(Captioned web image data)
□ □ □

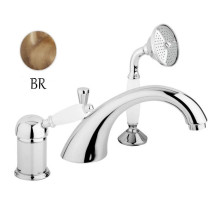 Смеситель на борт ванны бронза, ручка белая Cezares Elite ELITE-BVDM-02-Bi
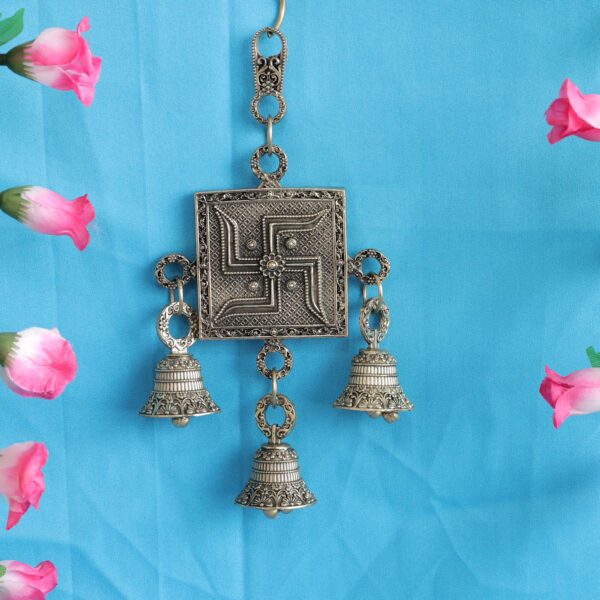 Brass Swastika Wall Hanging Bell 6.5 Inch KBH11246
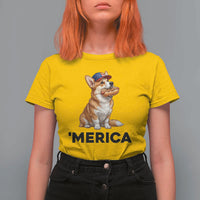 Funny Merica Corgi Lover 4th Of July T Shirt For Women Patriotic Dog Gift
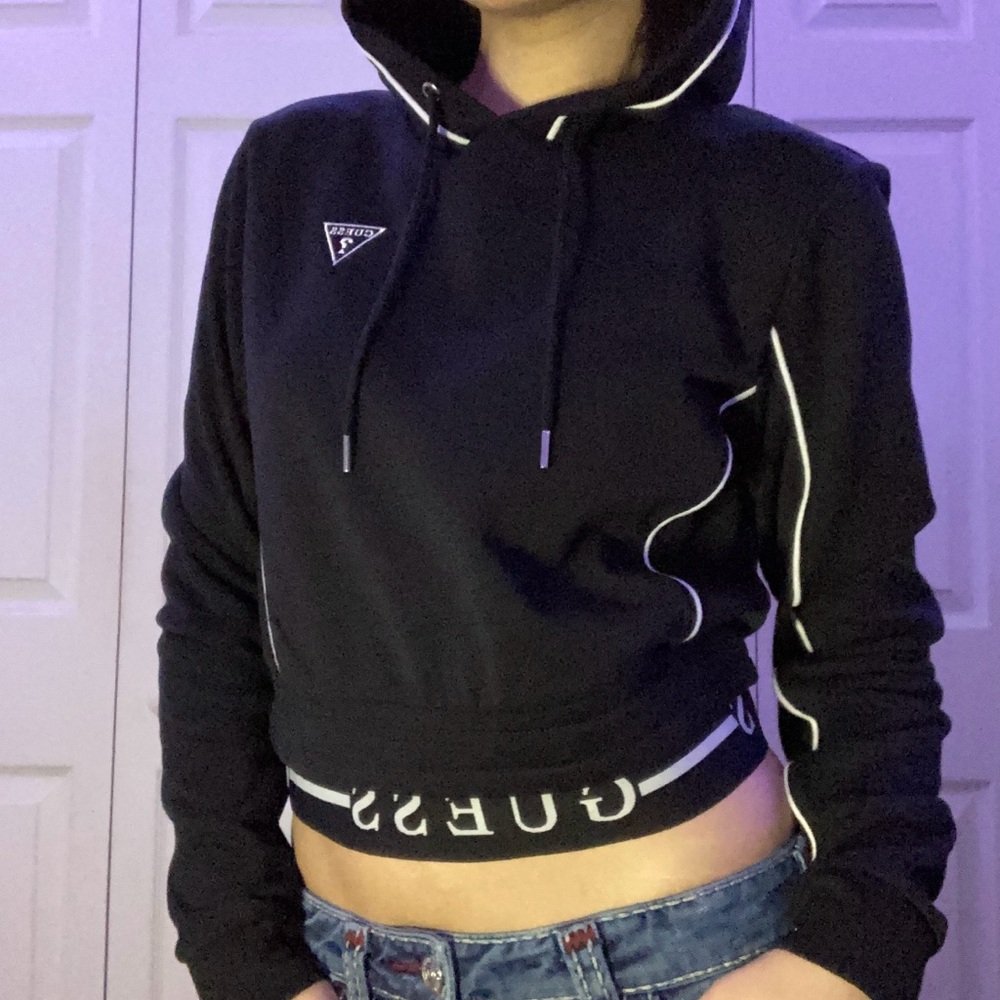 GUESS Black Cropped Hoodie with White Accents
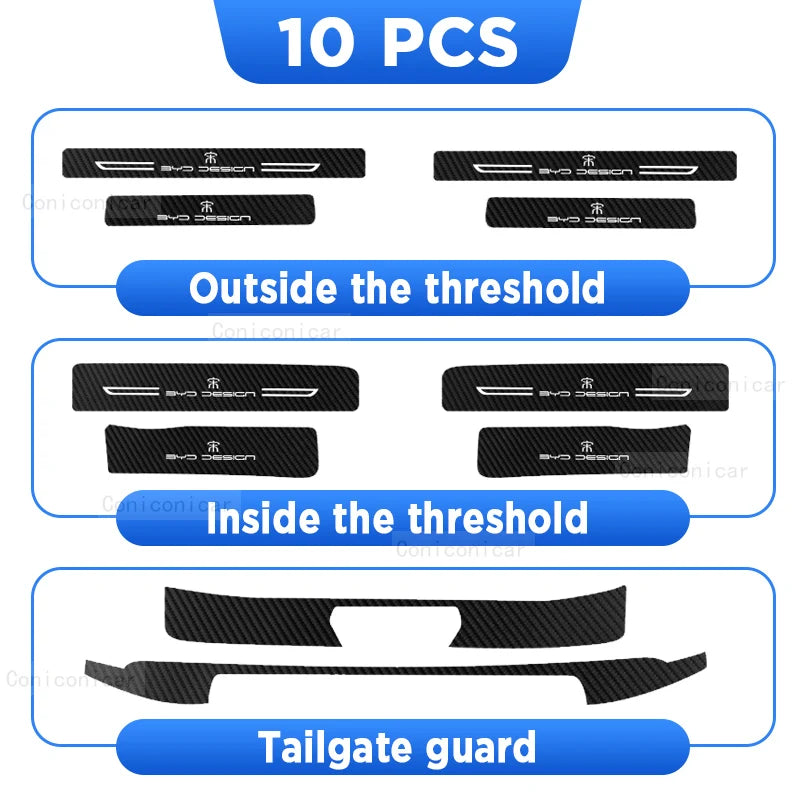 For BYD Song Plus EV DM 2022-2024 Auto Tailgate Guard Door Sill Pedal Carbon Fibre Texture Accessories Leather PU Car Sticker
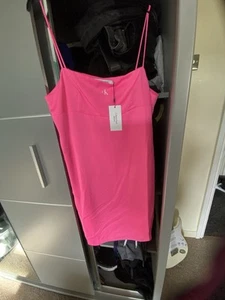Calvin Klein Neon Pink Dress Large Brand New Never Been Worn With Tags - Picture 1 of 9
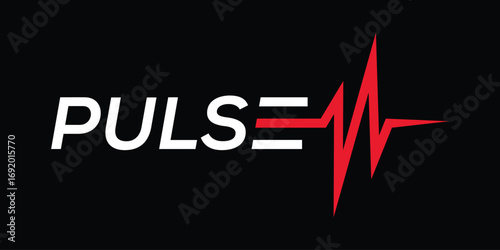pulse logo design, typography font text pulse, heartbeat logo symbol concept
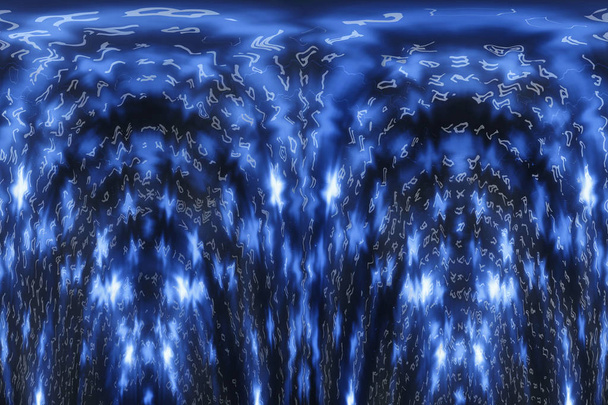 Blauwe matrix digitale achtergrond. Abstract cyberspace concept. - Foto, afbeelding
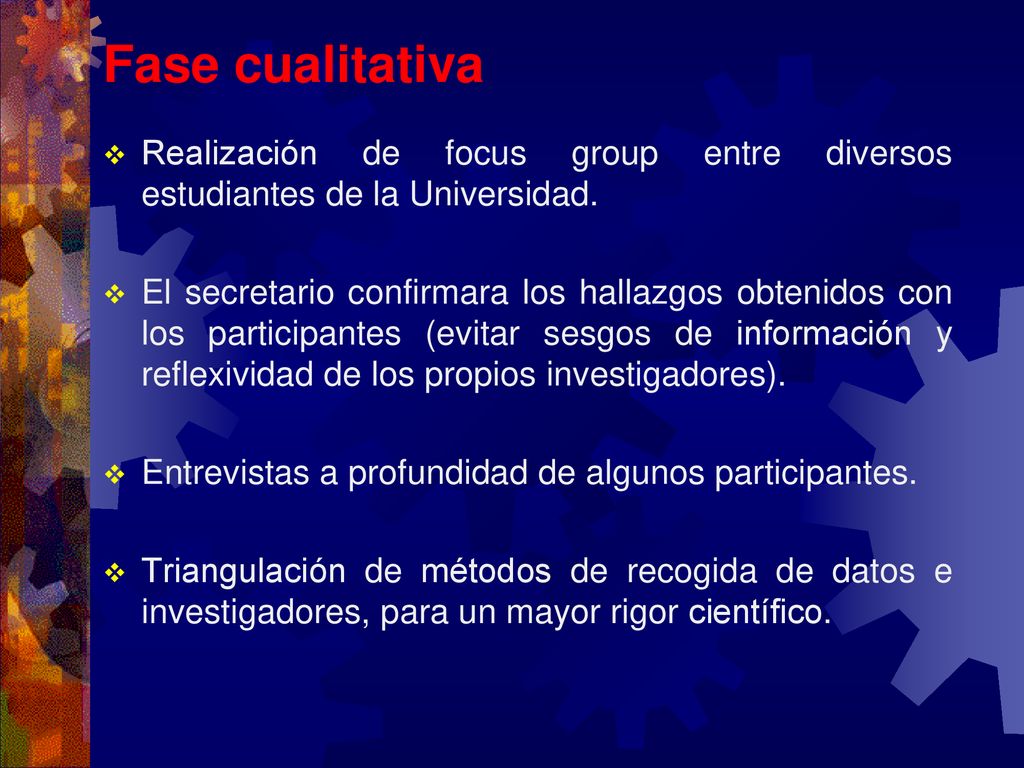 Fase cualitativa Realización de focus group entre diversos estudiantes de la Universidad.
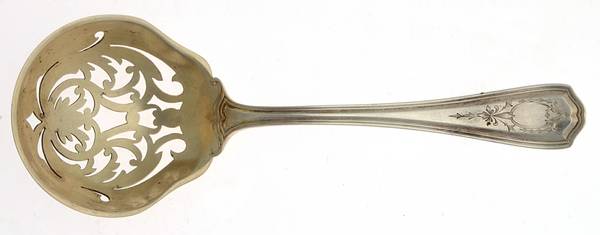 Hepplewhite-Engrv (Sterling, 1907, No Monos) Small Sugar Sifter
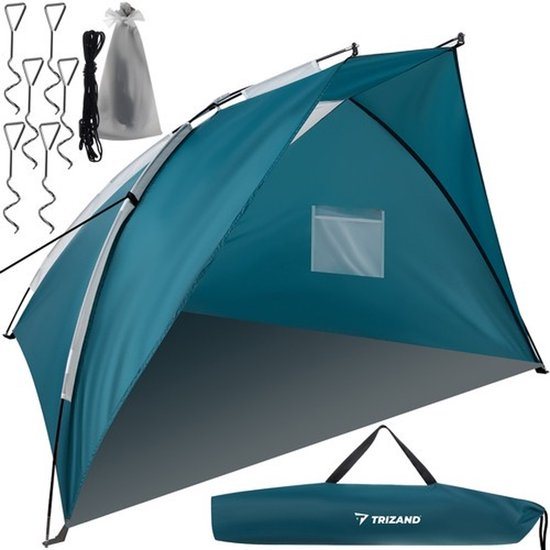 Trizand Beachshelter strandtent/windscherm - blauw - 220 x 120 cm - zon en windbescherming voor kinderen en volwassene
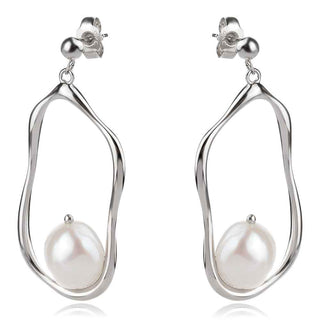 висящи атрактивни обеци, перла Барок, родиево покритие, подходящи за повод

□ □ □

Word for word and without pictures, please write out only the lines from the start of the entries through the line containing "For BYD Song", both included.

Result for this exercise >>
 Смеситель на борт ванны бронза, ручка белая Cezares Elite ELITE-BVDM-02-Bi
 Brass Swastika Wall Hanging Bell 6.5 Inch KBH11246
 Funny Merica Corgi Lover 4th Of July T Shirt For Women Patriotic Dog Gift
 GUESS Black Cropped Hoodie with White Accents
 For BYD Song Plus EV DM 2022-2024 Auto Tailgate Guard Door Sill Pedal Carbon Fibre Texture Accessories Leather PU Car Sticker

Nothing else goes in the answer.